Dalam pelaksanaannya selama ini, Pemprov DKI bekerja sama dengan kepolisian melakukan razia kendaraan bermotor untuk mengecek kadar emisinya. Jika tak lulus uji emisi, kendaraan tersebut ditilang.
Kendaraan roda 2 yang ditilang dikenakan denda sebesar Rp250 ribu, sedangkan kendaraan roda 4 sebesar Rp500 ribu. Hal itu merujuk pada tilang kendaraan yang melanggar lalu lintas seperti dalam Pasal 285 Ayat 1 serta Pasal 276 Undang-Undang No 22 Tahun 2009 tentang Lalu Lintas serta Angkutan Jalan (LLAJ).
Namun, masih banyak kendaraan yang belum mematuhi uji emisi hingga kini. Menurut Pramono, uji emisi tak efektif karena belum ada tindakan tegas seperti larangan penggunaan mobil dan motor yang tak lolos uji emisi.

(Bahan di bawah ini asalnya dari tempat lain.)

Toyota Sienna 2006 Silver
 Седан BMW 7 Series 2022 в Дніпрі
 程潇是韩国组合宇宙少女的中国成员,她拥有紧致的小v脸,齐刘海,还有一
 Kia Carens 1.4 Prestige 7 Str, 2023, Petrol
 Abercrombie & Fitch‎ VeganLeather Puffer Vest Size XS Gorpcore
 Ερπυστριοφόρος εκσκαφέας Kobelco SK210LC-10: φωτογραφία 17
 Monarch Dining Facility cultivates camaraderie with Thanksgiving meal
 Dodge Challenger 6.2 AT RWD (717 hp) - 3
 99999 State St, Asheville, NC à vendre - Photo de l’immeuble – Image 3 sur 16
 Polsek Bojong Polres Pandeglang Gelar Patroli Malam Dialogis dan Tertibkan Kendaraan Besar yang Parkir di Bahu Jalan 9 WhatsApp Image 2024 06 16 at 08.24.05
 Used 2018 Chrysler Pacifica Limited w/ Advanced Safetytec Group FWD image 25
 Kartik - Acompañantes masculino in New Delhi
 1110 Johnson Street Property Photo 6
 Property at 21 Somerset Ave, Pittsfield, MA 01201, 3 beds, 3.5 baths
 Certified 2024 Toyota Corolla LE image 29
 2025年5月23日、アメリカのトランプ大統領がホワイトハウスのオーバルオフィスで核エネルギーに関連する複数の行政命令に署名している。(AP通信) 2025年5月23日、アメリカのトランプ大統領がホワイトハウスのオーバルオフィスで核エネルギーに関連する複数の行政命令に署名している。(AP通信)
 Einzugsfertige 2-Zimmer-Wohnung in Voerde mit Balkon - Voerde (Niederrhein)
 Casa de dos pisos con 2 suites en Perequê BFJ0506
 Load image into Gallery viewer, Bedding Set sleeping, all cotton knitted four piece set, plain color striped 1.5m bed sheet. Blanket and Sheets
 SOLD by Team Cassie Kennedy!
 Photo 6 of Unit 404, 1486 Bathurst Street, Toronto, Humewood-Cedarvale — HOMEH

"Jadi selama ini pengecekan kan tidak mempunyai protokol struktur yang baku, sehingga harus dibakukan dan betul-betul seperti negara-negara di mana pun kalau memang enggak lolos emisi, ya jangan boleh jalan kendaraannya. Kalau itu untuk Jakarta, nanti saya akan kontrol," jelas Pramono.
Selain gas buang kendaraan bermotor, Pramono menilai sumber polusi di Jakarta juga disebabkan oleh asap pabrik pembangkit listrik tenaga uap (PLTU) di Jabodetabek dan tempat penyimpanan atau stockpile batubara seperti di kawasan Marunda.
Jika memenangkan Pilkada Jakarta, Pramono berjanji akan mendorong pengetatan operasional pabrik pembangkig listrik bersama pemerintah pusat.
"Ada 16 PLTU di sekitar Jakarta ini, selama ini meeka pakai batu bara. Harusnya diubah, sudah enggak boleh lagi pakai batu bara. Pakai gas, pakai pembangkit listrik tenaga surya, atau sampah. Kalau itu dilakukan, pasti tekanan polusinya akan turun," urainya.